PC Game News
Trion released another episode-interview from their “Meet The Dev Team” series. This time they introduce Nels Nelson to the community. Besides the intro, Elizabeth Tobey gets straight to the point about how the game can be in an harmonic link with the TV show and how difficult could be to succeed such a task.
Elizabeth Tobey: Can you start off by telling us your name, your title, and how long you’ve been at Trion?
Nels Nelson: I’m Nels Nelson, and I’m a Senior Game Designer. I’ve been here for about four and a half years.
Elizabeth: What exactly does a Senior Games Designer do?
Nels: Well, I’ve been here since the very beginning, and the job has really evolved over the course of the project. The core of what a designer does is lay out the framework of what the game is going to be and help direct everybody else as they’re implementing things, make sure that everything’s going as planned, that sort of stuff. One of the biggest changes has been the game’s scope. When it started out, we had about ten or twelve people on the team, and now I think we’re pushing a hundred. At the very beginning we were just building a prototype, and now we have a huge playable game and a launch date, so it’s grown quite a bit.
Elizabeth: So what are some of the things you are most proud of, or excited about, since you’ve been here?
Nels: I would say the shooter combat that we have in the game is probably the most exciting thing, even though I’m not responsible for a large part of it. We’ve been able to hit, I think, what players are going to expect, people who are coming from your triple-A shooters. They’re going to feel pretty familiar picking up and playing our game, and their first impression is going to be a good one.
Elizabeth: Does working in tandem with the TV show kind of throw a wrench in your design process or give you more freedom?
Nels: I think it actually gives us more freedom because the show is able to handle a lot of the character story-based stuff that’s difficult to do in the game. It can get expensive if you try to work too much story into a game – it takes a lot of time and can kind of tie your hands. By allowing the show to tell a lot of that, we can make the game more about the player’s story and what the players are doing and experiencing together, which is very dynamic. That way, the show can focus more on the, “Here are the stories of the characters you’re meeting in the game” aspects.
Elizabeth: How does being cross-platform help or challenge you?
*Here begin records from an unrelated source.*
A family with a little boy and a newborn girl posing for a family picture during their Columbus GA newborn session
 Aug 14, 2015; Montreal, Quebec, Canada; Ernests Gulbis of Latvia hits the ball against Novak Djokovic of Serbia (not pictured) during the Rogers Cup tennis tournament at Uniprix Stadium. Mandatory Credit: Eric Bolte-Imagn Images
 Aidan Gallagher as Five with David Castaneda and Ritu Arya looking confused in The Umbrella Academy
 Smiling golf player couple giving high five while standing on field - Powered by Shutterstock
Nels: I would say the biggest thing it helps with is focusing on moment-to-moment gameplay. Shooter gameplay is standardized on consoles as far as mechanics, what to expect, how controls work, etc., so we can use those as a base to make sure players feel comfortable coming in. Then we can layer on a lot of abilities and online content afterwards and not scare people away by putting the massive and evolving aspects front and center. So I think it’s actually kind of helpful for us to be on console – as designers it forces us to focus the gameplay to accommodate the limitations of the platform.
Elizabeth: Other than Defiance, what games are you playing?
Nels: I just finished the recent Spider-Man movie tie-in game, and I’ve been playing the new Lego Batman. Played a bit of Spec Ops, which is a recent shooter. Those are the latest games I’ve been playing. I play a lot of console action and shooter games, so pretty much everything that comes out on console, I pick up and give a shot.
Elizabeth: Other than gaming, what do you do in your spare time?
Nels: To start, I have a big family at this point. That’s one of the casualties of getting older, so I spend a lot of time with them for sure. I do a lot of reading, go to movies, take care of my dogs and that sort of thing. Nothing terribly erratic or out of control, nothing too crazy. When I go home in the evenings I rarely use the computer at all. I’m just in front of one for so much during the day!
Elizabeth: I think that’s all we’ve got for today. Thanks for taking the time to answer our questions.